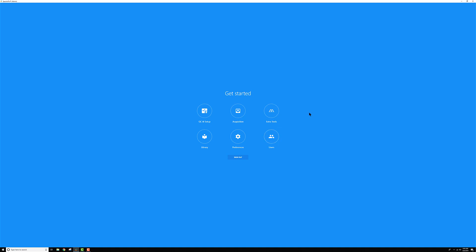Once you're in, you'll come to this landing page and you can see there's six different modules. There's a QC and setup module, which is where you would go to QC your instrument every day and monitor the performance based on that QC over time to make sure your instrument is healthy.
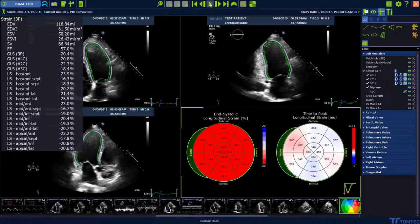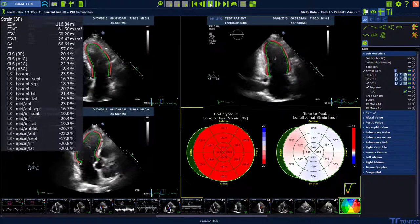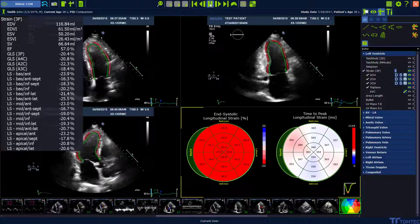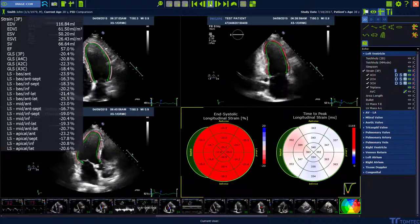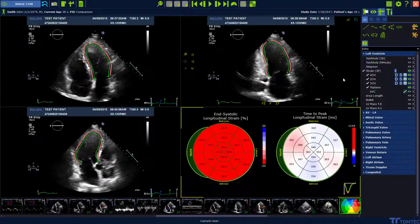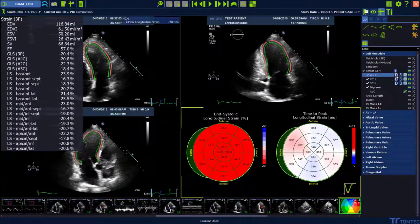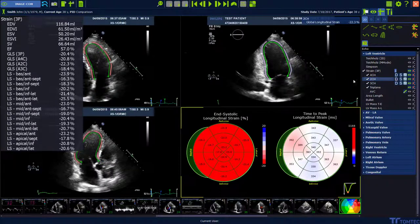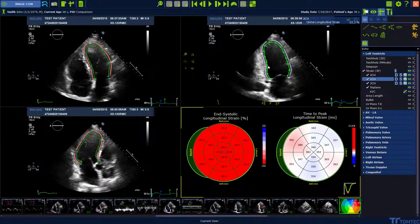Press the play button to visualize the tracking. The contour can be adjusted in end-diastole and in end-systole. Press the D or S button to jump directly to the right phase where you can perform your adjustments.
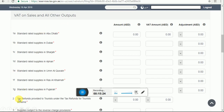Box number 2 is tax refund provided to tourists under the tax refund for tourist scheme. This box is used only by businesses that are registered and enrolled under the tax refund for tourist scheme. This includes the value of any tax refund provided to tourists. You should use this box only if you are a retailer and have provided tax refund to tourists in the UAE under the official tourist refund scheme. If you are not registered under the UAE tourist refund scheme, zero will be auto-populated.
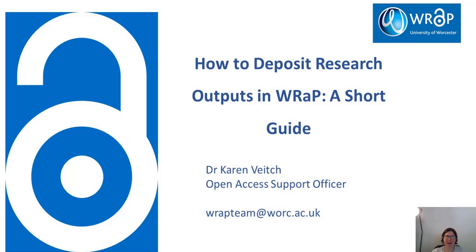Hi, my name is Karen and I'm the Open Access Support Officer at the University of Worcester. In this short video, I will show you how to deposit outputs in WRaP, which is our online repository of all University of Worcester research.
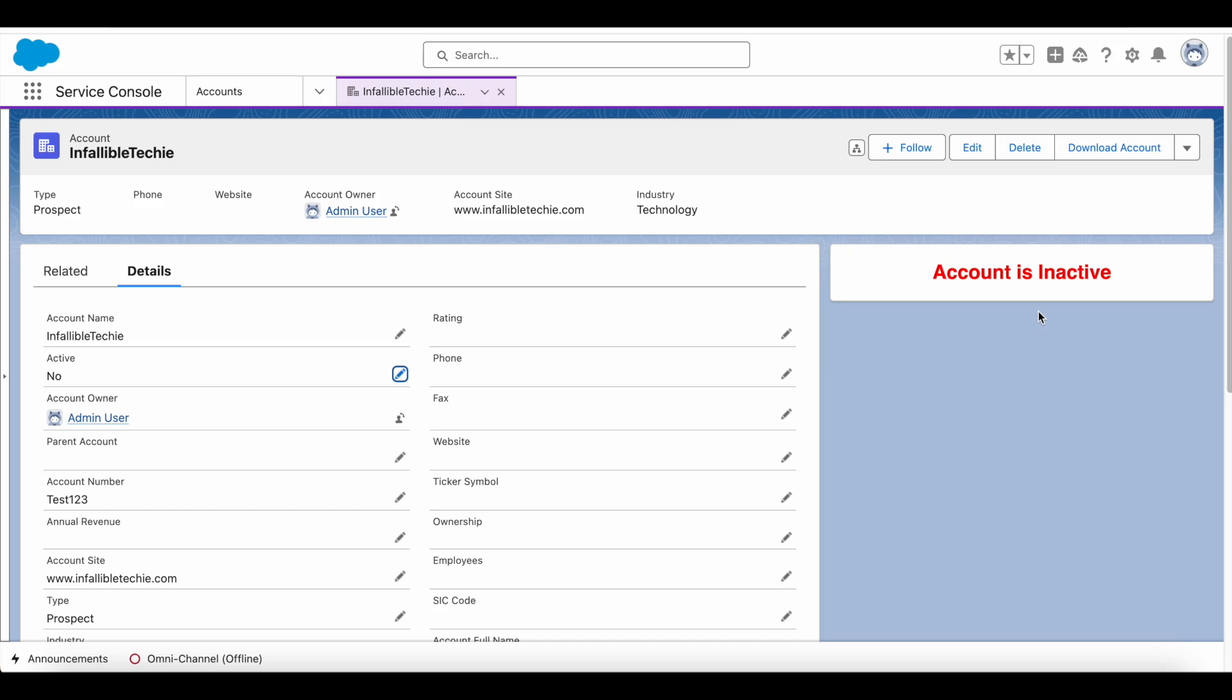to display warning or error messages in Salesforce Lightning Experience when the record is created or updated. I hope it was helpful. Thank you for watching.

————

[TASK PROMPT] Word for word, write out the full listing, leaving the pictures aside.

[TASK RESPONSE]
Once you're in, you'll come to this landing page and you can see there's six different modules. There's a QC and setup module, which is where you would go to QC your instrument every day and monitor the performance based on that QC over time to make sure your instrument is healthy.
Press the play button to visualize the tracking. The contour can be adjusted in end-diastole and in end-systole. Press the D or S button to jump directly to the right phase where you can perform your adjustments.
Box number 2 is tax refund provided to tourists under the tax refund for tourist scheme. This box is used only by businesses that are registered and enrolled under the tax refund for tourist scheme. This includes the value of any tax refund provided to tourists. You should use this box only if you are a retailer and have provided tax refund to tourists in the UAE under the official tourist refund scheme. If you are not registered under the UAE tourist refund scheme, zero will be auto-populated.
Hi, my name is Karen and I'm the Open Access Support Officer at the University of Worcester. In this short video, I will show you how to deposit outputs in WRaP, which is our online repository of all University of Worcester research.
to display warning or error messages in Salesforce Lightning Experience when the record is created or updated. I hope it was helpful. Thank you for watching.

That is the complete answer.